Türkiye’de yaşamayı seçen gayrimüslim unsurlar gerektiğinde kimliklerini

saklayarak, kimliklerinin açık olduğu bölgelerde zaman zaman tacize uğrayarak yaşamlarını devam ettirmişlerdir. Gayrimüslim unsurlara uygulanan engellemeler, örneğin güvenlik teşkilatlarında ve üst düzey devlet kadrolarında görev alamama gibi, ya da eğitim sisteminde gayrimüslim unsurlara yönelik kin ve nefret söylemlerinin kullanılması gayrimüslimlerin kendilerini “öteki” hissetmelerine neden olmuştur. Ulus-devlete geçiş sürecinde oluşturulmak istenen “Türk kimliği” için tüm kimlikler aynı potada eritilmek istenmiş, ancak izlenen politikalar, uygulamalar ve kullanılan söylemler birleştirici değil ayrıştırıcı olmuş, yıkıcı olmaktan öteye geçememiştir.

Sonuç olarak da azınlıklara yönelik Türkiye’nin tavrı kültürel zenginliklerin yok edilmesi ve renklerin soldurulmasıyla sonuçlanmıştır.

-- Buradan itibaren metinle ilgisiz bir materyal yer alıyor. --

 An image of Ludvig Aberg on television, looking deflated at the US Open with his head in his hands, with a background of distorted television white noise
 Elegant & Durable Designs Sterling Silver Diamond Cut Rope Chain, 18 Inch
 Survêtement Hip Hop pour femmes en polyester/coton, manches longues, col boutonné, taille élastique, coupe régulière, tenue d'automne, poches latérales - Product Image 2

Bu noktada uygulanan

politikaların iki farklı yaklaşımla ele alındığını da belirtmek gerekmektedir. Birincisi,

teorikteki uygulamalardır ki bu durumda mevcut olan kanunların uygulanması

zorunluluğu vardır. Bir diğer yaklaşım, pratikte olan ve toplum tarafından uygulanandır. Bu yaklaşımda, sayıca az olana baskı yönteminin uygulandığı

gözlemlenmektedir. Bu durumun ana nedeni de Süryanilerin sayıca Güneydoğu

Anadolu’da yoğunluk göstermeleri ve bölgenin egemen güçleri tarafından baskı

altında tutulmalarıdır. Tarihsel süreçte Süryaniler, gerek ekonomik gerekse dinsel olarak bölgedeki etkin güçlerin baskısına maruz kalmışlardır. Ancak, Türkiye’nin

siyasi geçmişine bakıldığında özellikle terörle gelen sıkıntıların tüm toplumu

olumsuz olarak etkilediğine şüphe yoktur.

Türkiye’nin azınlık politikalarının dışında, Süryanileri günümüz için önemli kılan bir başka unsur, Süryanilerin “soykırım” gibi bir iddianın merkezine oturtulmuş olmalarıdır. Ermenilerin, “soykırım” iddialarını desteklemek adına bu politikaya

ortak etmek istedikleri Süryanilerin “Asurî” milliyetçiliği üzerinden bu çalışmalara

destek vermeye başlamaları, Ermeniler için sevindirici, Türkiye içinse sıkıntılı gelişmelere gebedir.

Yıllarca hâkimiyeti altına girdikleri devletlere itaat eden ve toplumla bütünleşik yaşayan Süryanilerin, günümüzde bir siyaset malzemesi olarak kullanılması hiç şüphesiz Türkiye Cumhuriyeti Devleti için ciddi bir iştir. Ermeni sorununun hassas bir konu olarak Türkiye’nin önünde yıllardır durması bu önemi

daha da arttırmaktadır. Günümüzde Süryani diasporasının, “soykırım” söylemleri

Ermenilerle paralel yürümektedir ve bu konuda önemli çalışmalar yapılmaktadır. İdeolojilerine tarihi bir arka plan hazırlamak isteyenler de bu sürece Süryanileri alet etmektedirler. Günümüzde Türkiye’nin dış politikasında Ermeni sorununun geldiği noktadan hareketle Süryaniler için de benzer bir tablo oluşturulmak istenmektedir ve yapılan çalışmalar hem Ermeniler hem de Süryaniler için olumlu sonuçlar vermektedir.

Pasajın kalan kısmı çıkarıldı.